In the 1930s, NCWC President Winnifred Kydd and Nellie McClung were members of Canadian delegations to the League of Nations. In 1930 Cairine Wilson, an active member of the Ottawa Council of Women, became the first woman to be appointed to the Senate.
Due to the wide-ranging interaction of its federated organizations, NCWC has been a leader in bringing developing issues to the government. The NCWC's federated structure includes local and provincial councils and national affiliates that continue to generate policy suggestions at the grassroots level. Resolutions are studied and voted on before becoming part of NCWC policy. Ultimately the ratified resolutions are communicated to government in the form of annual briefs and letters to government ministers.

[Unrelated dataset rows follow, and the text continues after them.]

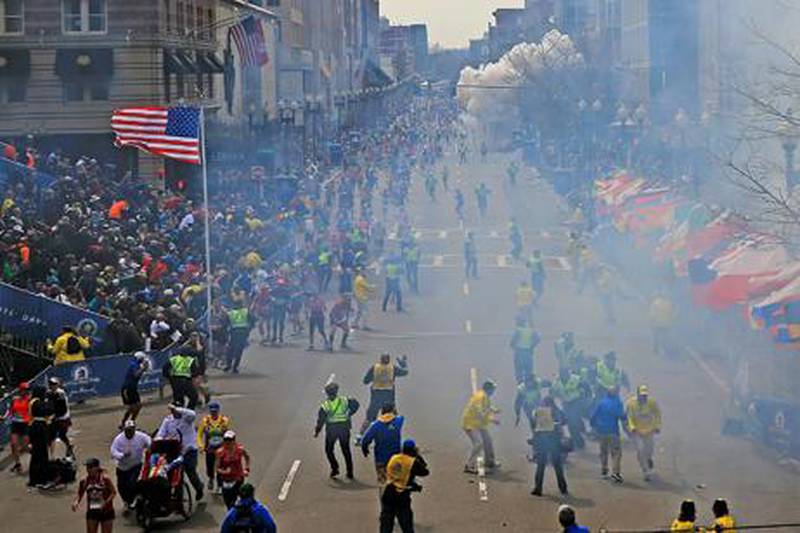 People react as an explosion goes off near the finish line of the 2013 Boston Marathon in Boston. AP Photo/The Boston Globe, David L Ryan
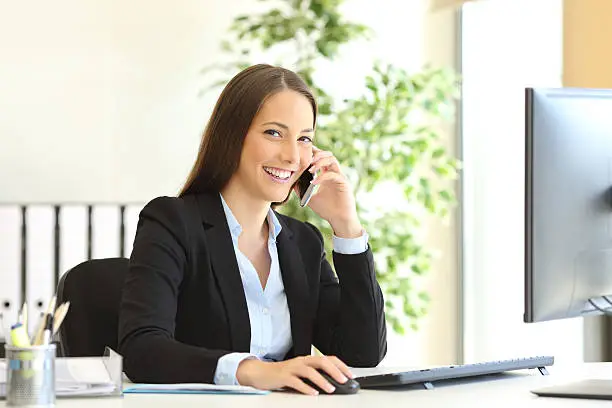 Portrait of a happy executive wearing suit calling customer service on the phone and looking at camera sitting on a desk in the office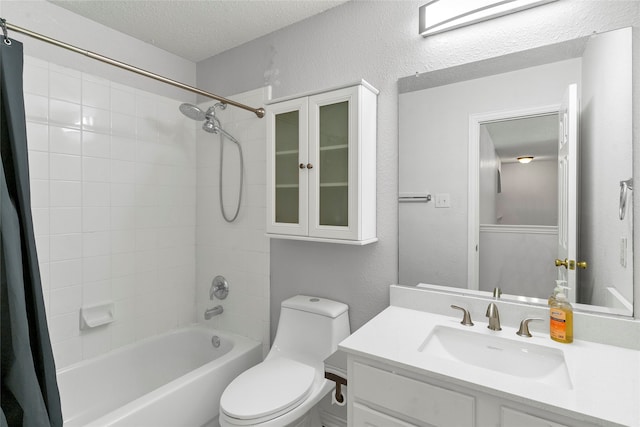 full bathroom with shower / bathtub combination with curtain, a textured ceiling, toilet, and vanity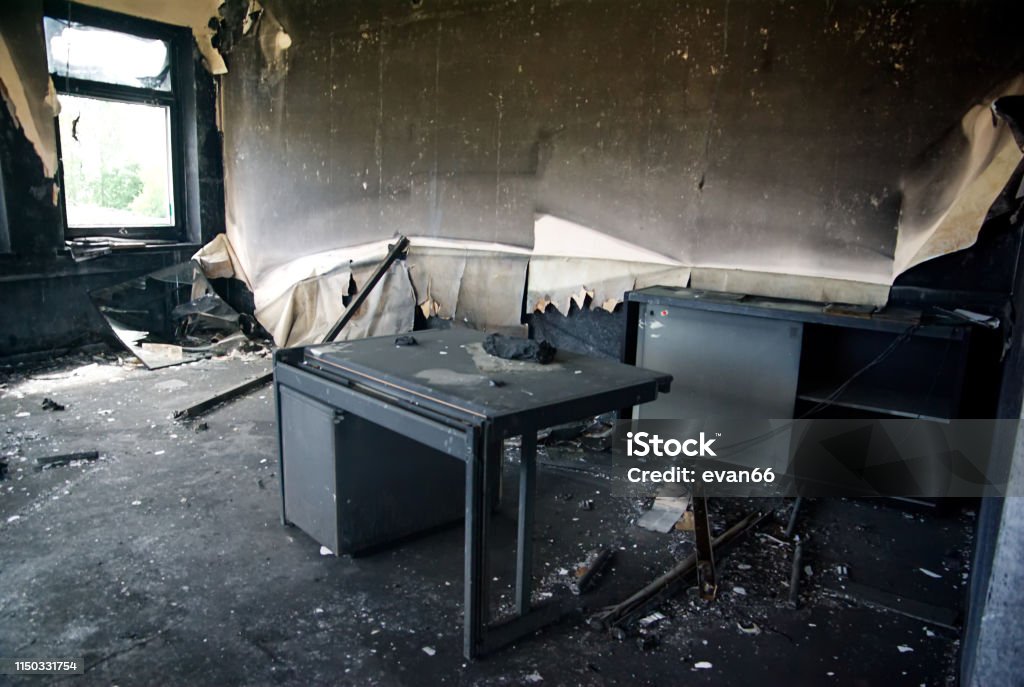 Burned interiors and furniture in industrial building Burned interiors and furniture in industrial or office building. Fire consequences concept. Office Stock Photo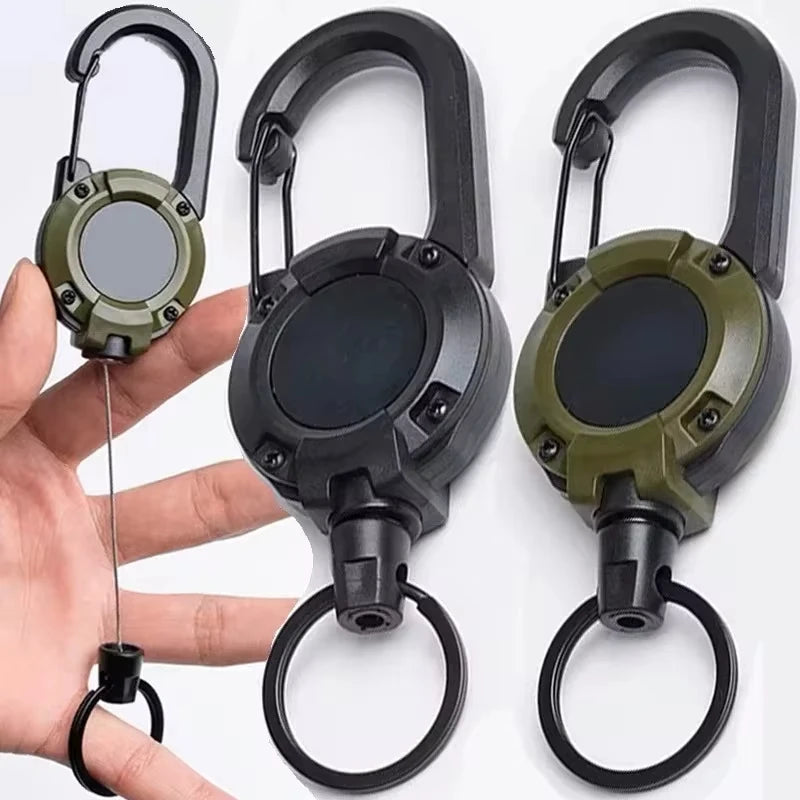 Heavy-duty retractable carabiner and key reel by Nomad Pacific Supply, with durable metal clip and compact design for everyday use.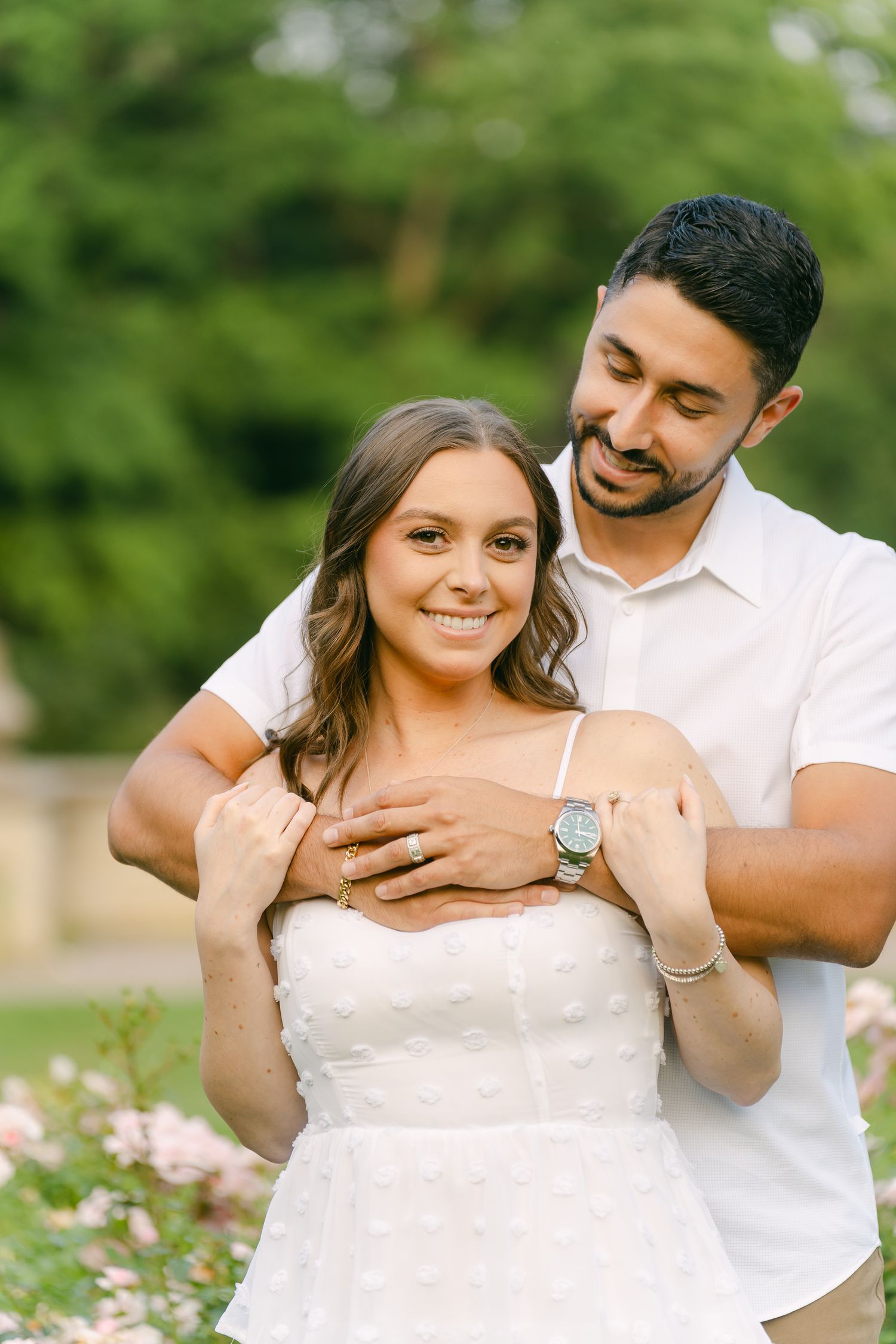 A sunny engagement portrait with a couple sharing a loving moment in a rose garden.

The National Council of Women and its members have played an active role in the formation of many vital Canadian institutions, such as the Victorian Order of Nurses, the Children's Aid Societies and the Consumer's Association of Canada. NCWC has also been involved in developing government agencies such as the Women's Bureau of Labour Canada (1954) and the Federal Bureau of Aging (1978). The Council supported the call for a Royal Commission on the Status of Women and the resulting formation of the now disbanded Canadian Advisory Council on the Status of Women.
In the 1960s the NCWC called for a Royal Commission on the Status of Women; in the 1980s it demanded the entrenchment of women's rights in the Constitution. The NCWC continued in the 1990s to focus on a wide variety of issues affecting family and society. The National Council presents briefs to parliamentary committees and royal commissions and from time to time may be represented on special advisory committees.
Today the National Council of Women of Canada continues to be concerned with a wide range of issues involving women, the family, the community and the state. It has inevitably been affected by recent trends in Canadian society such as the increased movement of women into the workforce, the growing importance of the media, the technology of instant communication and the development of single-interest advocacy groups. In 1997 NCWC received Consultative Status (II) with the Economic and Social Council (ECOSOC) of the United Nations and established an important connection for members of the National Council of Women and its affiliates nationally and internationally.